In trying to reduce their future housing costs, therefore, younger generations face a battle –against both public policy and public and private propaganda. The only response is to organize, hold out, don’t overpay, and re-imagine and reorganize more places into the kind of places that can be afforded. And in the mean time live with others rather than alone – with your family if you have a good one located where you want to be, with friends otherwise – to keep housing costs down.
The likely direction of the battle was summed up in this Boston Globe article based on this paper. “Basically, we have mismatch, with an epic number of Baby Boomers, numerically the largest generation in history, heading into retirement and looking to sell their homes. But there is a dearth of 30-to 45-year-old buyers available or even interested in moving on up into these big Boomer suburban palaces. The numbers, as Lucy lays them out, are startling. There are now five homeowners 55 and older for each potential first-time buyer between 30 and 44. That's a 5-to-1 ratio today, compared to 3.5-to-1 in 2000 and 3-to-1 in 1990.” And the older sellers are richer than the younger potential buyers.
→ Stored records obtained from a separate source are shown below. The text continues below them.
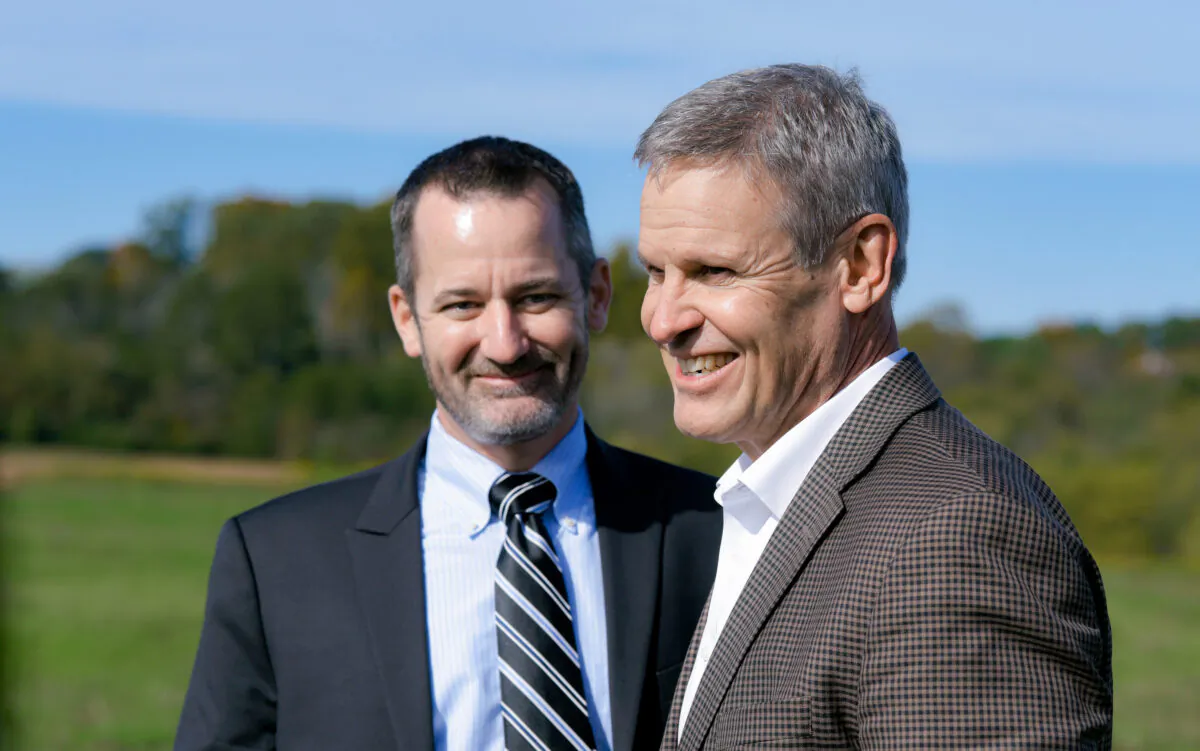 Smith and Wesson President and CEO Mark Smith (L) and Tennessee Governor Bill Lee prepare for a ground breaking ceremony for the new Tennessee location for the firearms manufacturer in Alcoa, Tenn., on Nov. 5, 2021. (Scott Keller/The Daily Times via AP)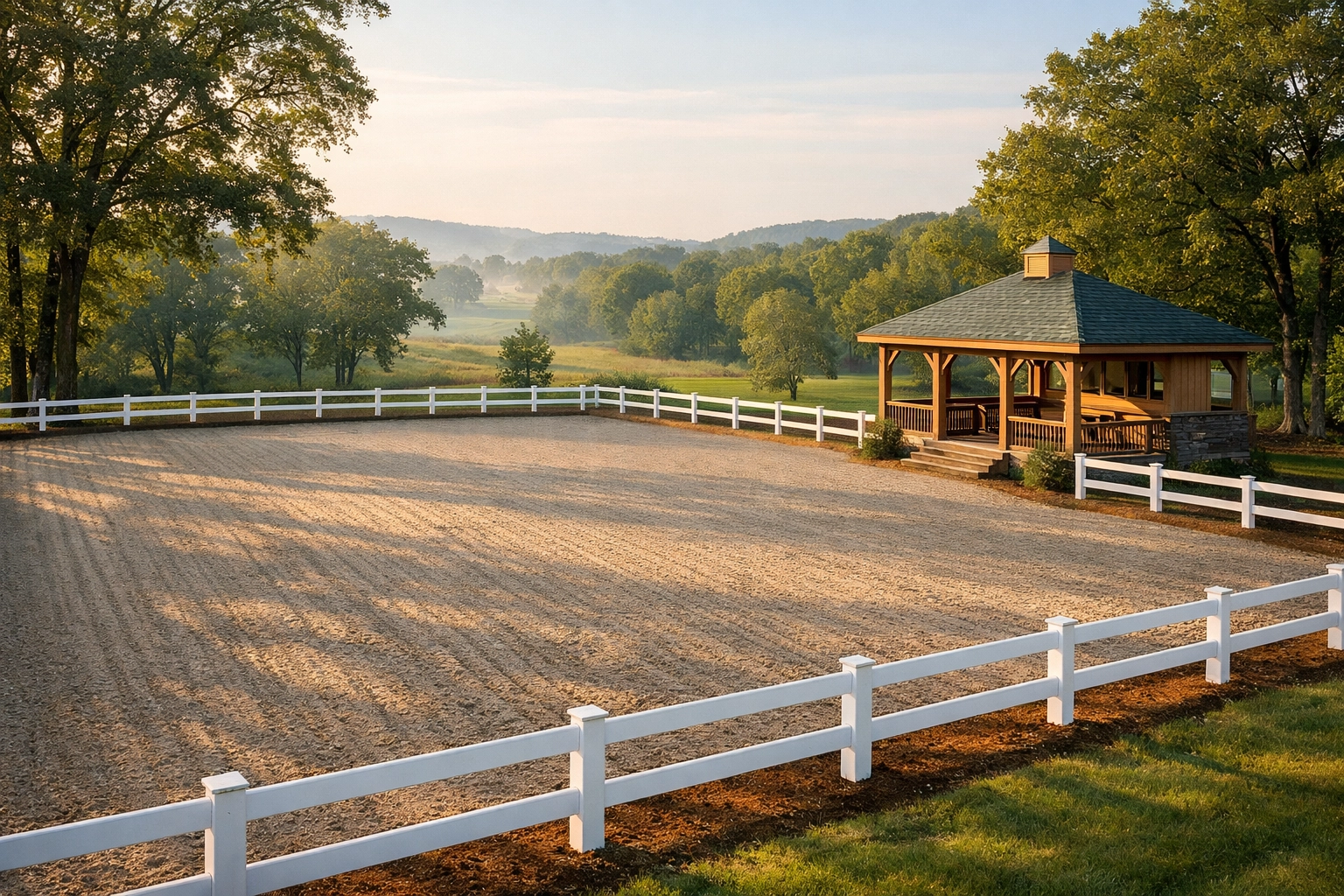 Professional outdoor riding arena at Davidson NC equestrian property with quality footing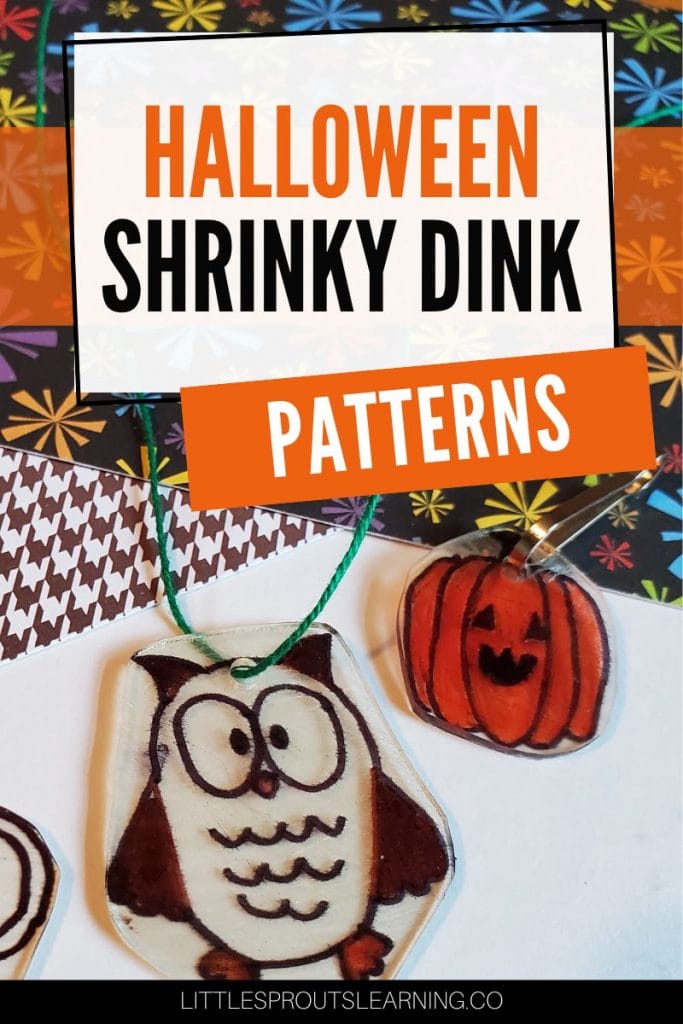 assorted halloween shrinky dinks kid made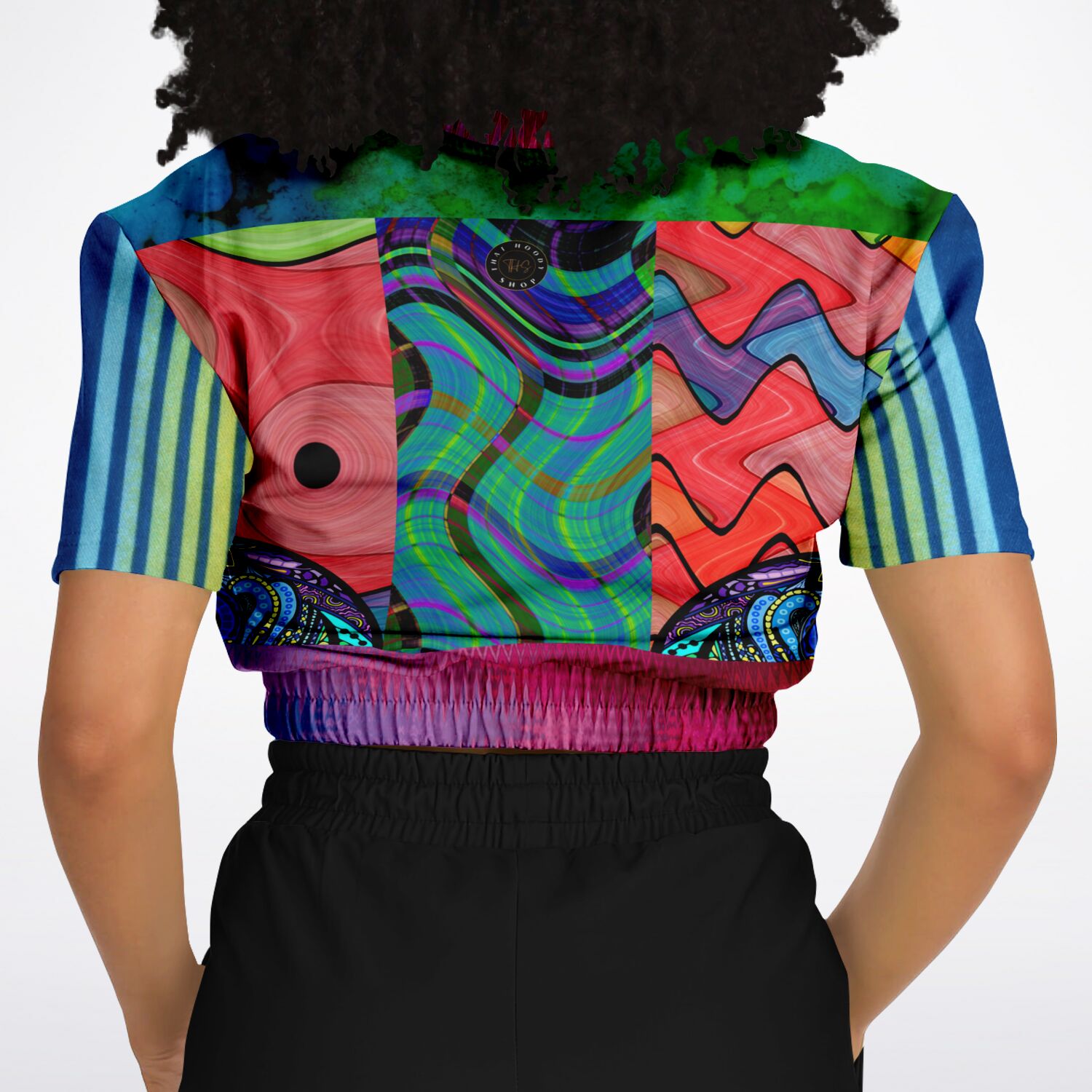 Me So Psychedelic Short Sleeve Eco-Poly Cropped Sweater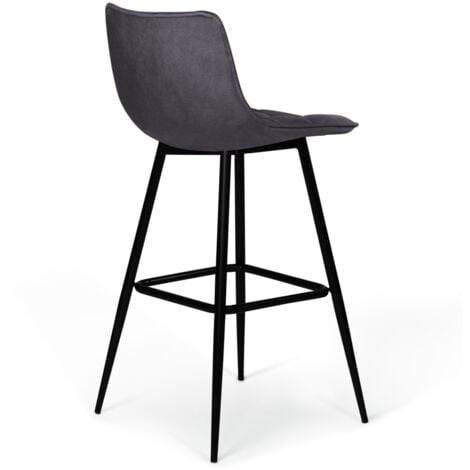 Set di 4 sgabelli da bar MADY in velluto grigio scuro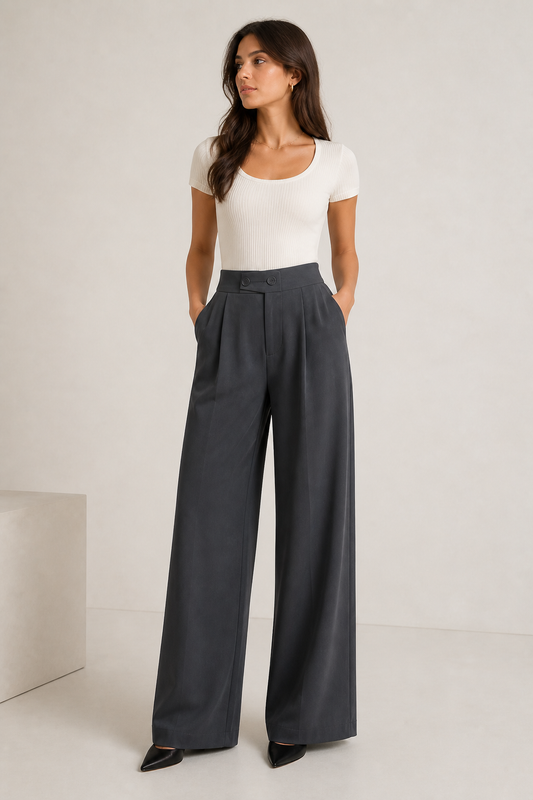Charcoal Wide-Leg Pleated Pants
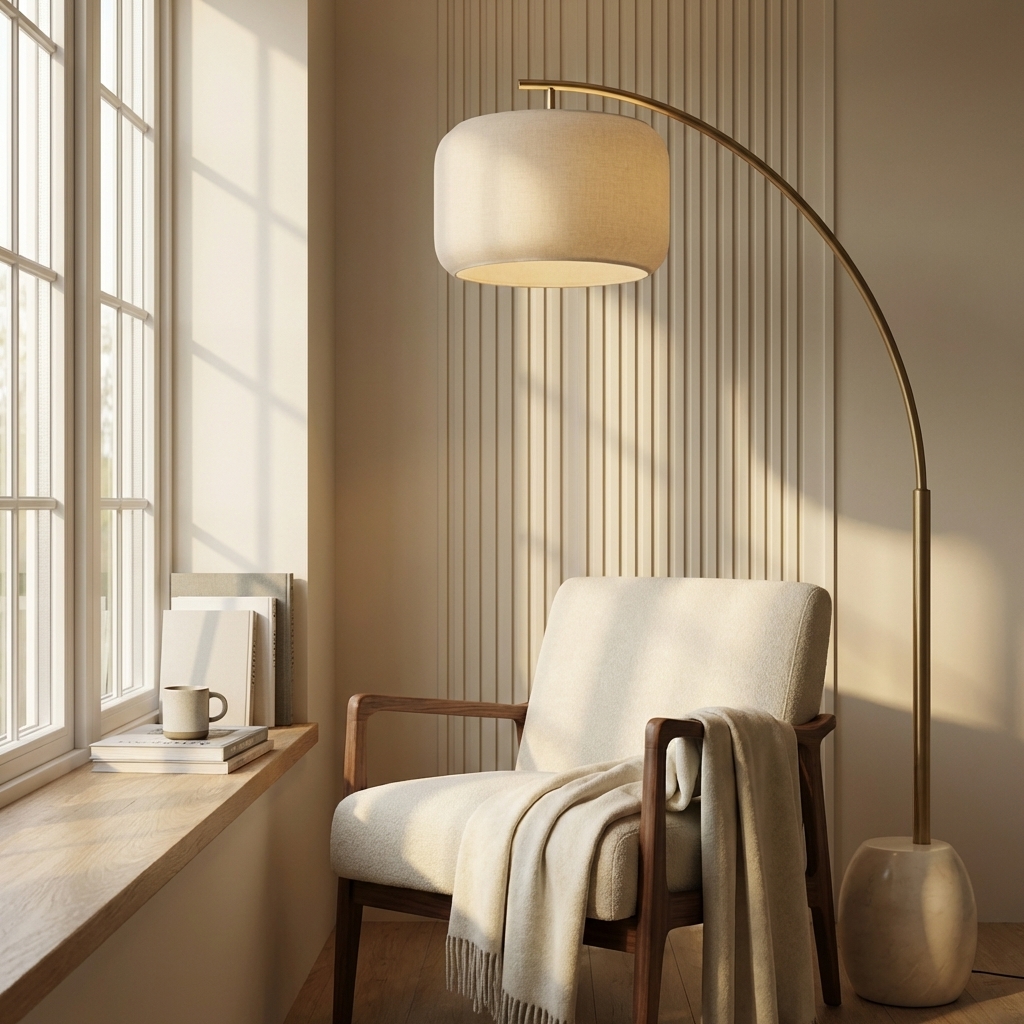 An intimate reading corner with walnut armchair and soft afternoon light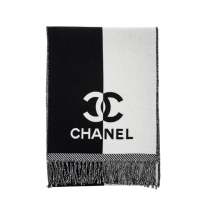 【CHANEL 香奈兒】經典雙色雙C LOGO羊毛流蘇圍巾(黑白)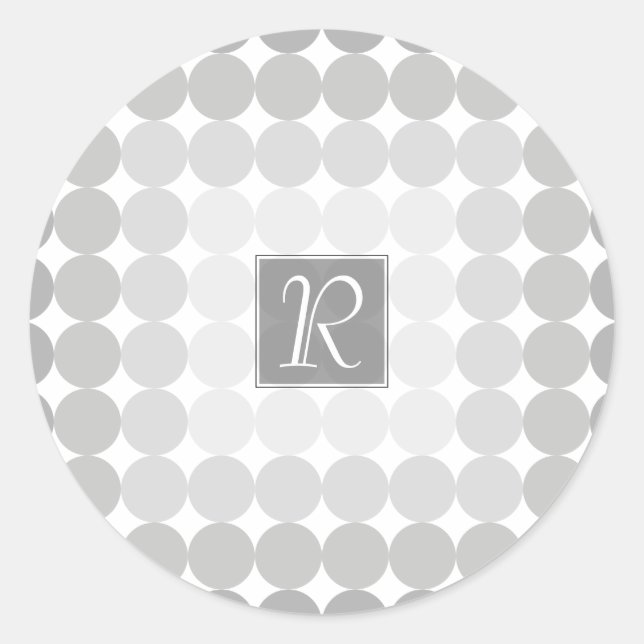 Modern Grey Circles Monogram Classic Round Sticker (Front)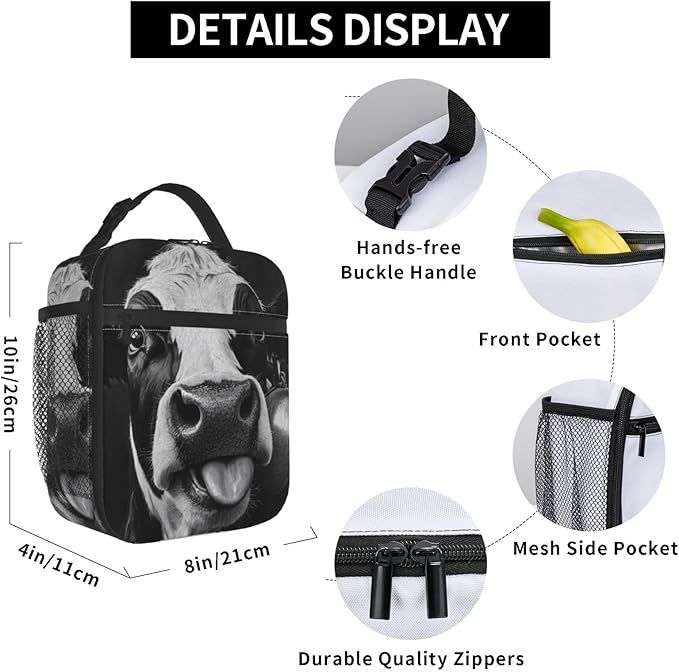 Cow Insulated Lunch Box for Women Men Cow Lunch Bag for Travel,or Fishing Polyester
The Globe doesn’t’ think suburban housing prices will collapse. “Aging Boomer homeowners hold the trump card here – they don't necessarily have to sell and won't unless they get a price they like. Instead, Lucy sees a future where the housing market is far less fluid than it has been in years past. Hence his prediction we were entering the ‘Fix-Up, Remodel, Expand and Condominium Era.’ Instead of settling for long commutes to bigger homes in the outer suburbs, the up-and-coming generation of buyers in their 30s and 40s is more likely to prefer the convenience of the inner suburbs, even if that means fixing up an older home or buying a condo.”
There you have it. Of course even if they do not choose to sell, the aging suburban homeowners will eventually pass on. And if their heirs (or lenders) are elsewhere, they may want to dump the property. The bottom line is, communities are going have to figure out ways to become cheaper and economically viable places to live for the younger generations that older generations have impoverished, or become NORCs (naturally occurring retirement communities) and then declining rapidly as prior generations pass on. Eventually, some of them will have to deal. And some of the cities will have to deal too, perhaps exempting new housing or even new people from the burdens of the past to avoid being abandoned, as New York City did when it exempted new housing development from property taxes in the 1970s.
Not buying an existing house unless and until it hurts for someone to sell it is the only trump card younger generations have. They should not give it up lightly. And they should ignore social pressure to have, maintain and operate more square footage than the really need, in far out locations where they will lose lots of gas money out of their pockets and hours and hours out of the their lives on the road.